T. Jain1, S. Iyer1, P. Sahay1, V. Dudeja1 1University Of Alabama at Birmingham, General Surgery, Birmingham, Alabama, USA
Introduction: Chronic pancreatitis (CP) is a fibro-inflammatory disease of the pancreas which leads to significant morbidity in the form of chronic pain and endocrine and exocrine deficiency. The underlying pathophysiology of CP is an area of active investigation. The Hedgehog (Hh) pathway is a developmental signaling pathway that has been implicated in several fibrotic diseases. Here, we evaluate the effects of targeting Hh signaling in CP.

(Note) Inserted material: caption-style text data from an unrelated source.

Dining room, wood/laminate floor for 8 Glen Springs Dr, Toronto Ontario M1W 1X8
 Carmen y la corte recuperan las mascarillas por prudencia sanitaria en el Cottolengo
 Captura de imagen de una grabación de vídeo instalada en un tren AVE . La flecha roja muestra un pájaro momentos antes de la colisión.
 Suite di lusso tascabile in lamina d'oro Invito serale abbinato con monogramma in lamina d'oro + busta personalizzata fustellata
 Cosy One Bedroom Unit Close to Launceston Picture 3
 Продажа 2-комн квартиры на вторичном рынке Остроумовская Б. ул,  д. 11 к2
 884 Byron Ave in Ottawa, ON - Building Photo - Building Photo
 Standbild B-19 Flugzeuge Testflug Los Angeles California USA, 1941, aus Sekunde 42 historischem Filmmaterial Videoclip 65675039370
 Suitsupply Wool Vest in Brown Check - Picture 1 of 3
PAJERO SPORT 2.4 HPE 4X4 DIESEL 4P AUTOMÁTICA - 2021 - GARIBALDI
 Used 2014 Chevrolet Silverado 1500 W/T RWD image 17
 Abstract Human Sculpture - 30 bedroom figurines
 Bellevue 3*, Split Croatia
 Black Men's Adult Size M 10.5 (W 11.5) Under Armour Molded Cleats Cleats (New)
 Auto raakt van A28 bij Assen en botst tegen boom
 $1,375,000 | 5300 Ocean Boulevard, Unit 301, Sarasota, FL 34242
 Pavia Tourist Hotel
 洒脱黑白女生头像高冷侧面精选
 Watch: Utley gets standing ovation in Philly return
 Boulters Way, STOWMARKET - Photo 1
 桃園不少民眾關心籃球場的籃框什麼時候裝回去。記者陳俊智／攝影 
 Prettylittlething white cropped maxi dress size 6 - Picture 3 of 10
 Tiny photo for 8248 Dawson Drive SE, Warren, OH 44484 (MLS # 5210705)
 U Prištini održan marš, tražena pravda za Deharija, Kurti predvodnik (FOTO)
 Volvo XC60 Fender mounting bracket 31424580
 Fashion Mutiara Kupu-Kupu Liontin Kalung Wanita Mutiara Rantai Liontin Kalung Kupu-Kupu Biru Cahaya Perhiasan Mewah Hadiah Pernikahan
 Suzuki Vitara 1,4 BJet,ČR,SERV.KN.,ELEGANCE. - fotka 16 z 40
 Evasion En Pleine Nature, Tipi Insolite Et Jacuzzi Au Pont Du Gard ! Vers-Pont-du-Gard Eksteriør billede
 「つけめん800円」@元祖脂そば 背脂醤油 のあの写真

Methods: CP was induced in C57BL/6J male mice by intraperitoneal (IP) injections of L-Arginine (2 doses 1hr apart weekly for 4 weeks). After induction of CP, daily IP injections of Vismodegib, an FDA approved inhibitor of Smoothened, were used for inhibiting Hh pathway. DMSO was used as vehicle control. Some mice were sacrificed after conclusion of L-arginine injections (pre-treatment group) while the rest were sacrificed after 4 weeks of Vismodegib or Vehicle control treatment. Pancreata were examined by IHC, flow cytometry and qPCR. To determine early changes induced by Hh signaling inhibition, CP was induced as described above, and mice were sacrificed after 3 days of Vismodegib treatment. RNA sequencing was conducted on Day 3 pancreas to evaluate transcriptional changes induced by Hh signaling inhibition.
Results: IHC and qPCR confirmed upregulation of Hh signaling with L-arginine induced CP in the pre-treatment group. Flow cytometry revealed increased M2 macrophage (CD45+F4/80+CD206+) infiltration while PCR demonstrated increased expression of fibrotic markers including Col1A2 and TGFβ as compared to uninjured pancreas. After 4 weeks of treatment, Vismodegib group demonstrated significant decrease in M2 macrophage infiltration on flow cytometry and fibrotic marker expression on qPCR, when compared to vehicle control. Histological analysis revealed improved pancreatic atrophy upon Vismodegib treatment. Early sacrifice study (Day 3) revealed no differences in pancreatic atrophy or macrophage infiltration, however, global transcriptional changes were seen on RNA sequencing analysis with downregulation of ER stress pathway genes as well as metabolic reprogramming with decreased adipogenesis and oxidative phosphorylation related gene expression.
Conclusion: Hedgehog pathway is activated in CP and its inhibition can abrogate fibroinflammatory transformation of the pancreas with improvement in pancreatic atrophy. Transcriptional changes in metabolic signaling and ER stress pathways precede morphological changes upon Hh inhibition. Further studies are required to elucidate the mechanism underlying improvement in CP upon Hh inhibition. Hh inhibition can emerge as a novel therapeutic strategy against CP.